• [WHAT YOU SHOULD DO]
Leave the pictures out and reproduce, exactly, the lines from the one with "Chủ tịch Quốc" through the end of the entries below.

====== DATA PROVIDED

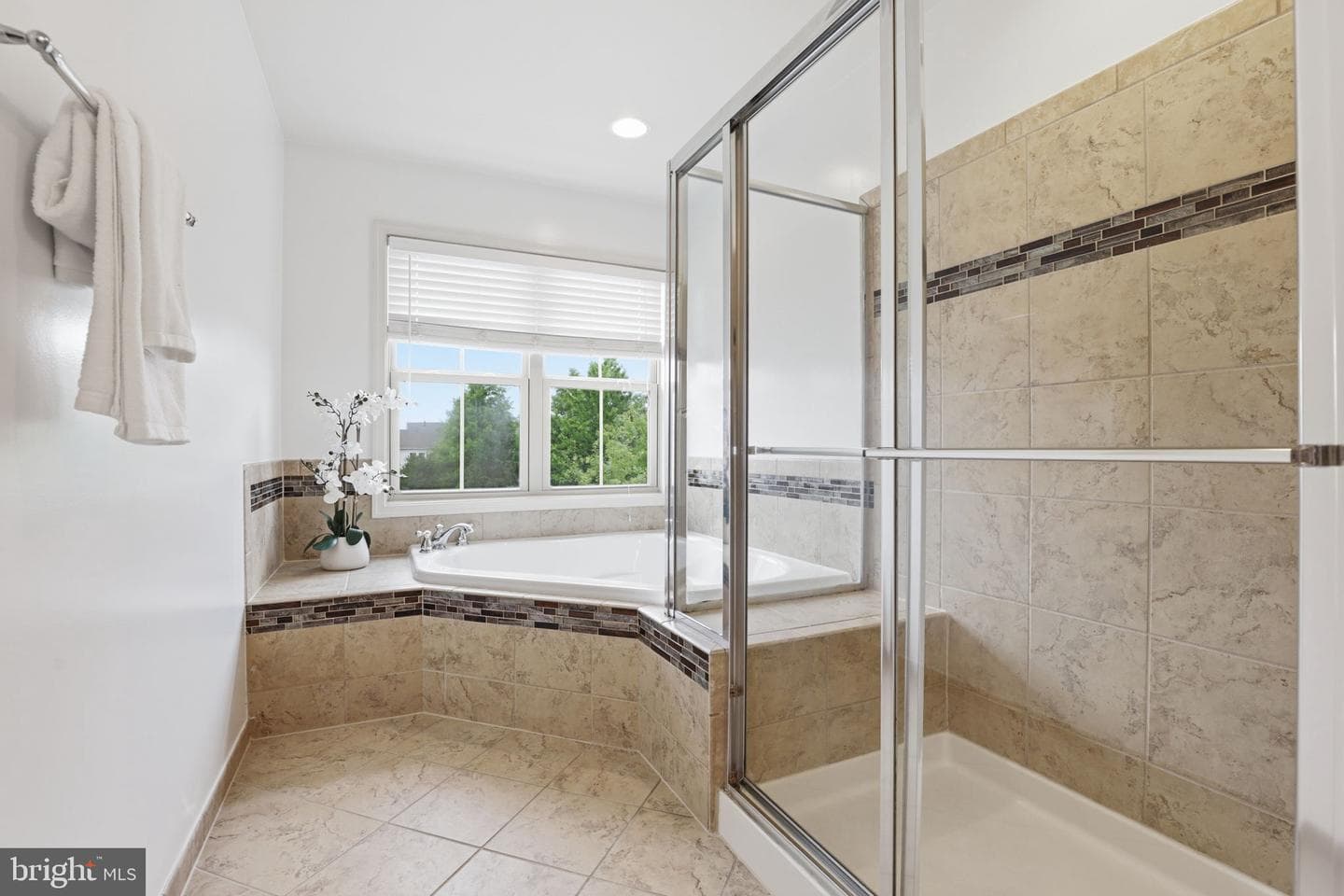 42537 Dreamweaver Drive photo 33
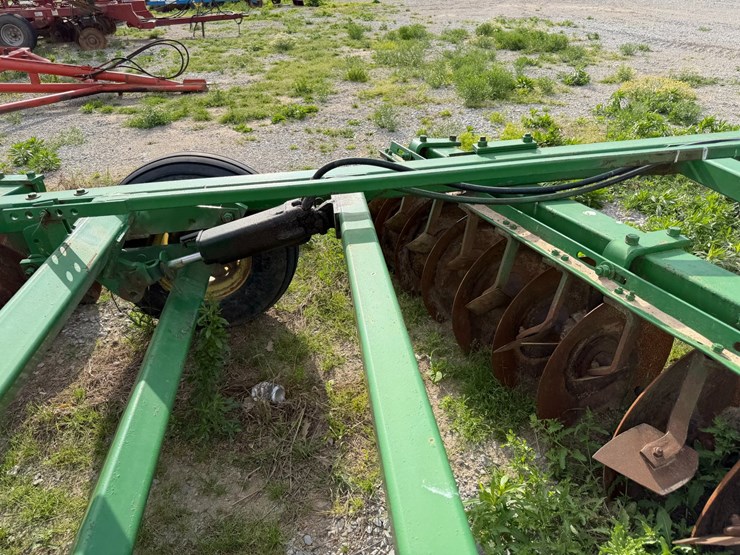 john-deere-225-image-34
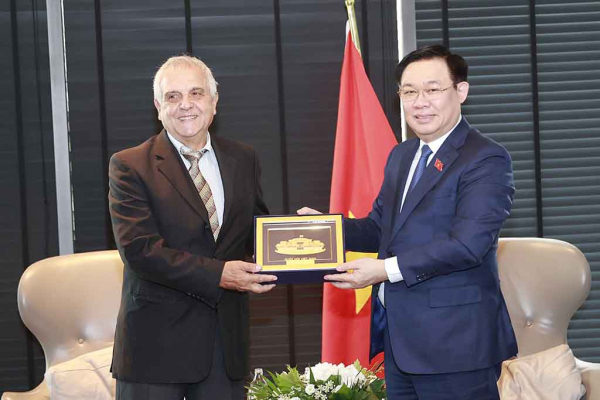 Chủ tịch Quốc hội Vương Đình Huệ tiếp Hội Hữu nghị Bulgaria - Việt Nam -0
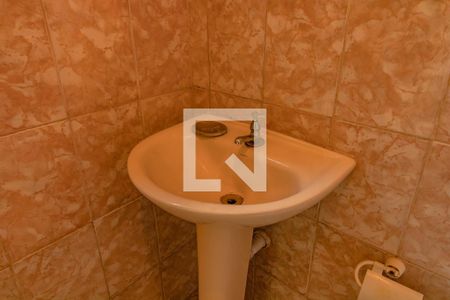 Casa à venda com 150m², 2 quartos e 2 vagasBanheiro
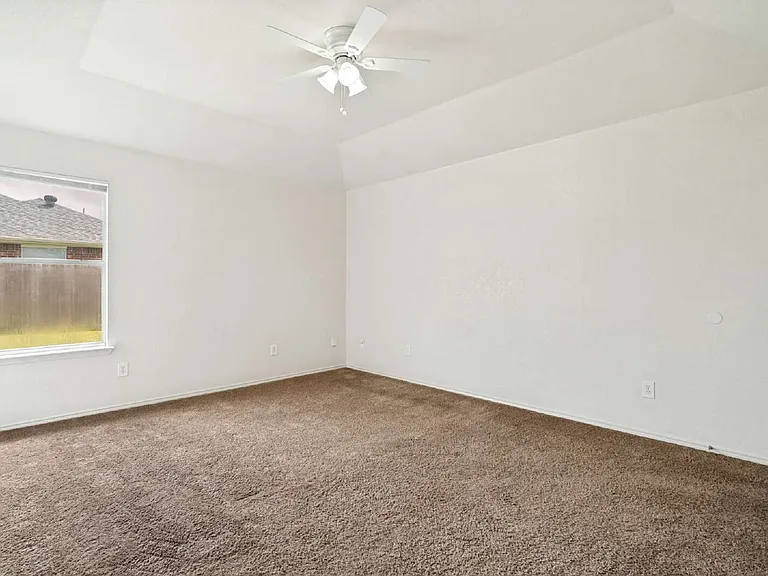 416 Bretts Way — Photo 9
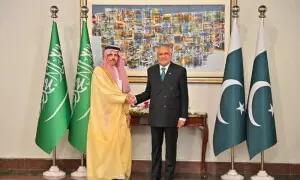 اسحاق ڈار کا سعودی وزیر خارجہ سے رابطہ، امریکا ایران کشیدگی پر اظہار تشویش اسحاق ڈار کا سعودی وزیر خارجہ سے رابطہ، امریکا ایران کشیدگی پر اظہار تشویش
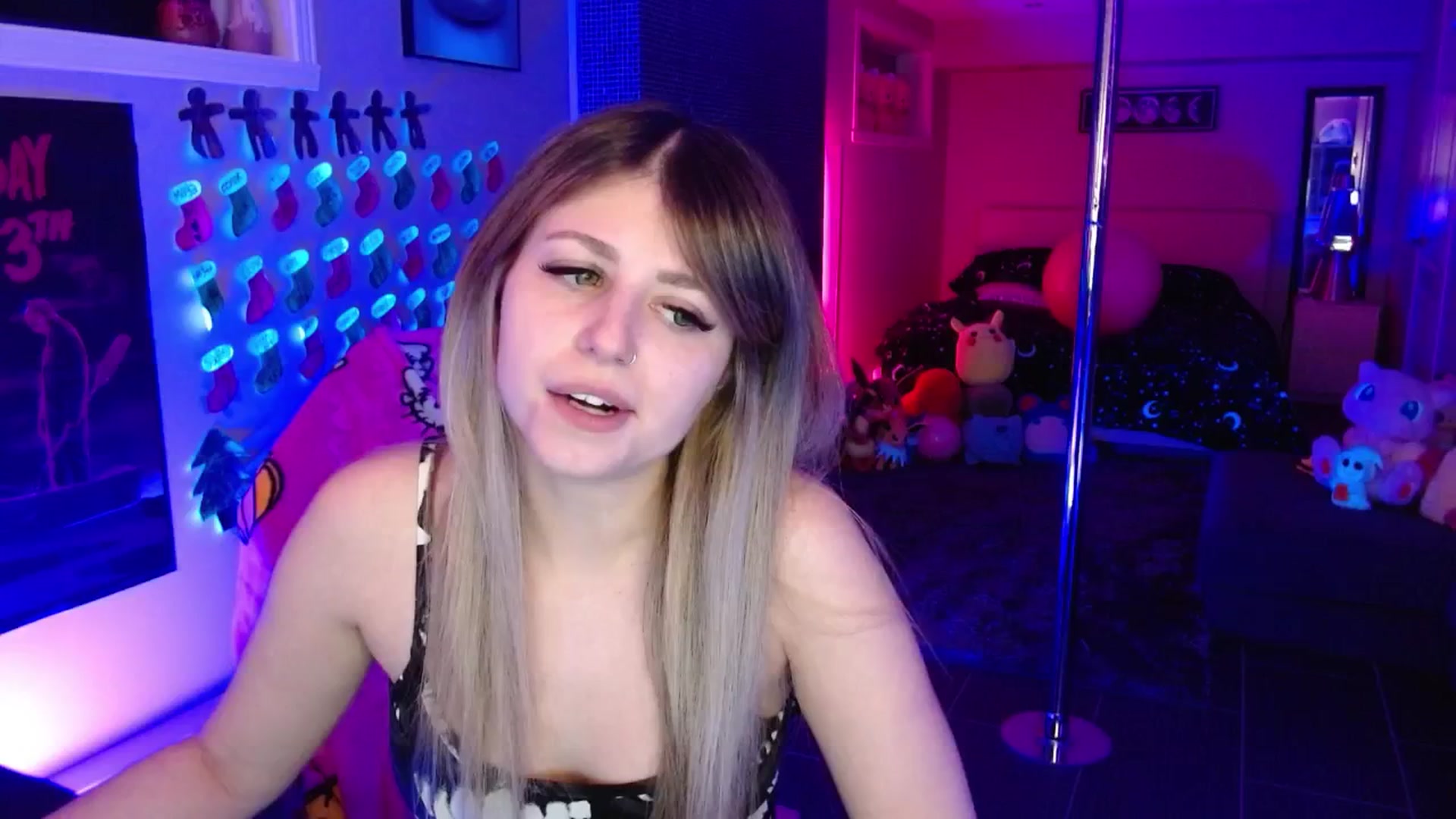 Gallery image thumbnail from Serafina's myfreecams stream on, 12/19/2025, 06:34 image 18 of 20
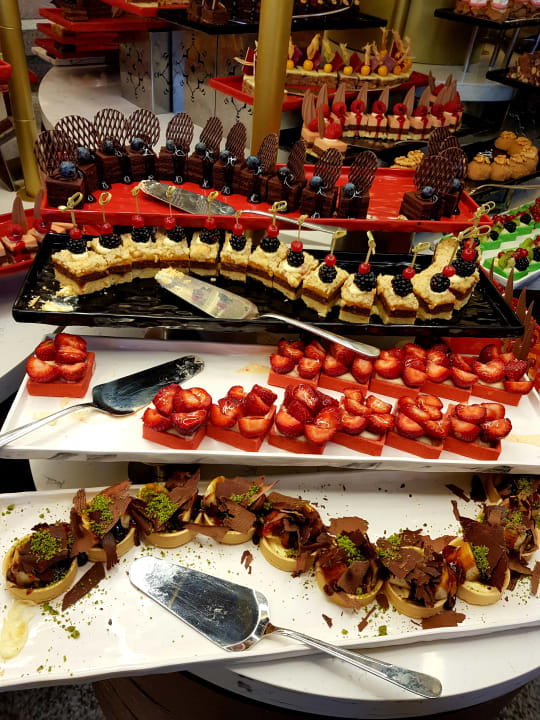 Gastro Gloria Serenity Resort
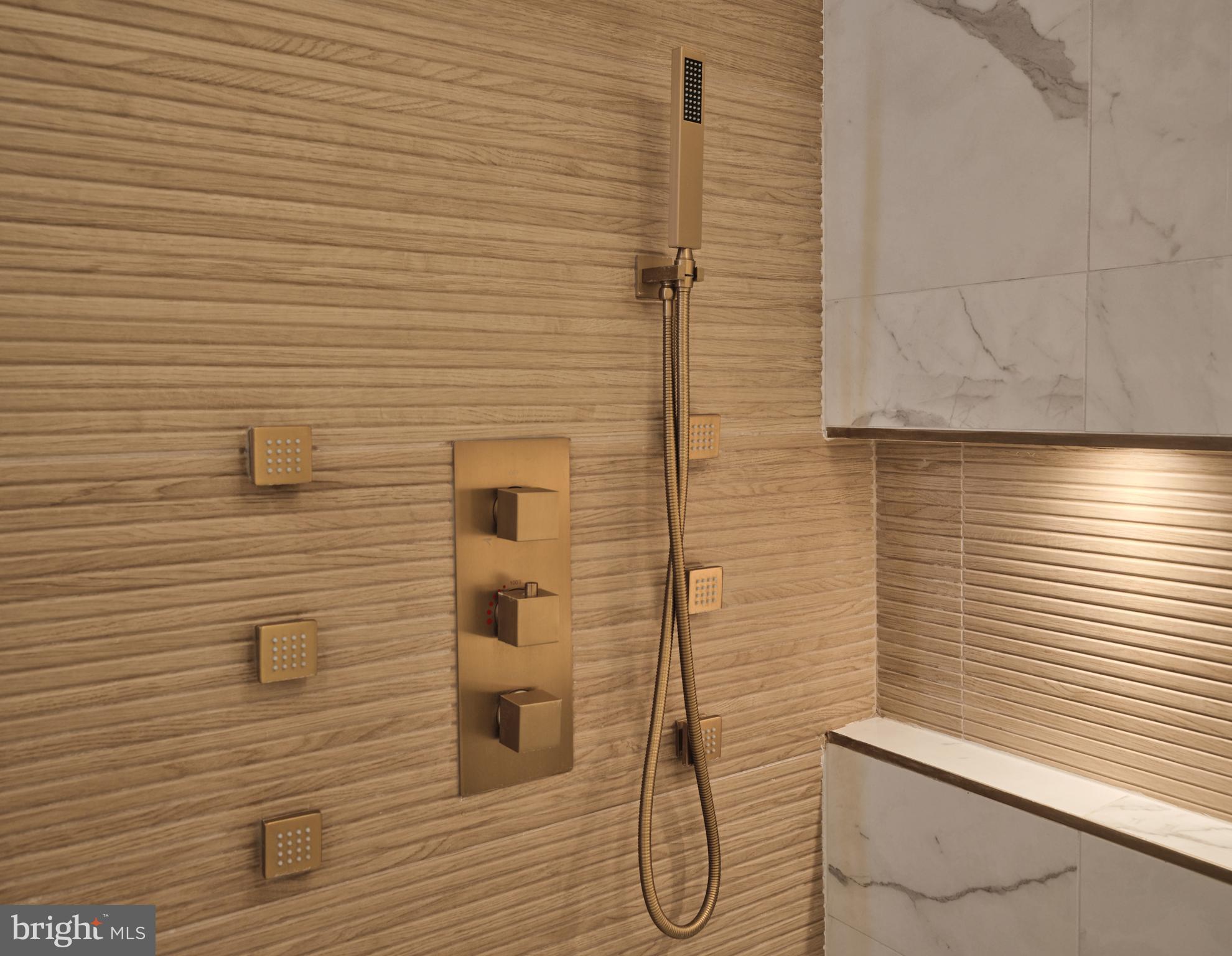 18 SAINT JAMES COURT 6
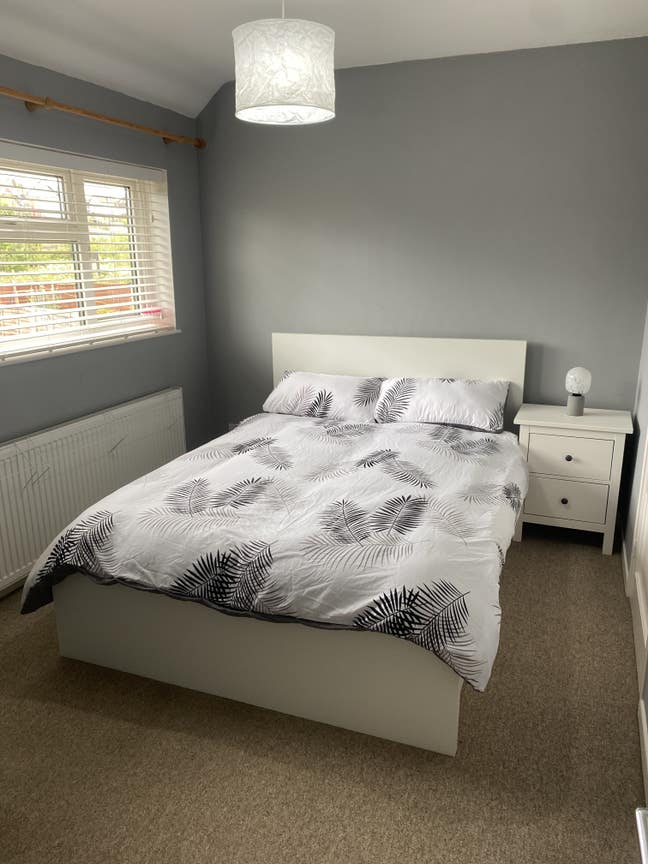 Double Bedroom with hot tub in garden.  Main Photo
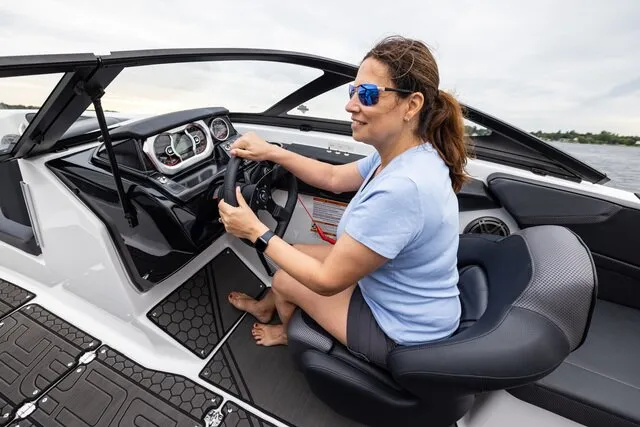 Scarab 215 LX — Скачать спецификацию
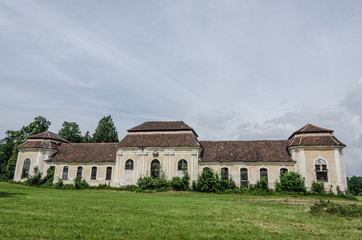 frontansicht altes schlossgebaeude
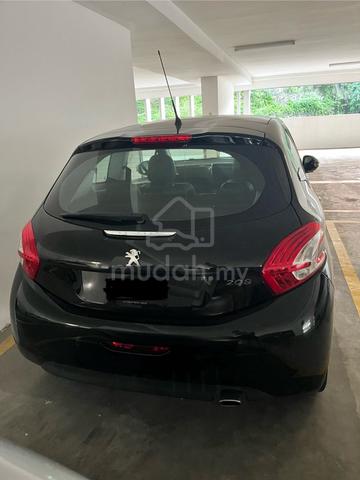 2014 Peugeot 208 1.6 VTI ALLURE (A) - 3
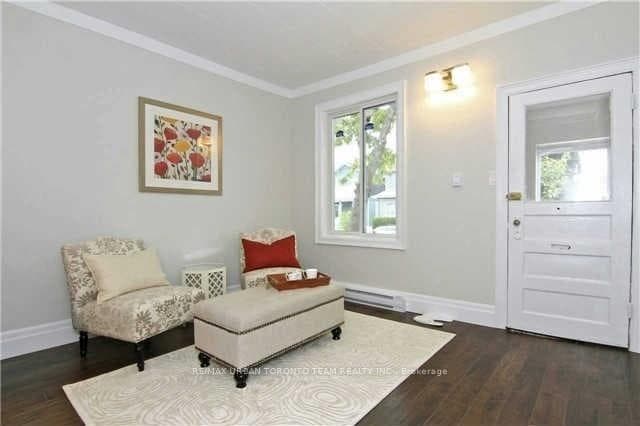 115A Coxwell Avenue Unit Upper photo 5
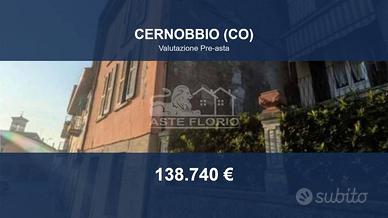 Immobile in asta di 375 m² con più di 5 locali a C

============

• [SOLUTION]
 Chủ tịch Quốc hội Vương Đình Huệ tiếp Hội Hữu nghị Bulgaria - Việt Nam -0
 Casa à venda com 150m², 2 quartos e 2 vagasBanheiro
 416 Bretts Way — Photo 9
 اسحاق ڈار کا سعودی وزیر خارجہ سے رابطہ، امریکا ایران کشیدگی پر اظہار تشویش اسحاق ڈار کا سعودی وزیر خارجہ سے رابطہ، امریکا ایران کشیدگی پر اظہار تشویش
 Gallery image thumbnail from Serafina's myfreecams stream on, 12/19/2025, 06:34 image 18 of 20
 Gastro Gloria Serenity Resort
 18 SAINT JAMES COURT 6
 Double Bedroom with hot tub in garden.  Main Photo
 Scarab 215 LX — Скачать спецификацию
 frontansicht altes schlossgebaeude
 2014 Peugeot 208 1.6 VTI ALLURE (A) - 3
 115A Coxwell Avenue Unit Upper photo 5
 Immobile in asta di 375 m² con più di 5 locali a C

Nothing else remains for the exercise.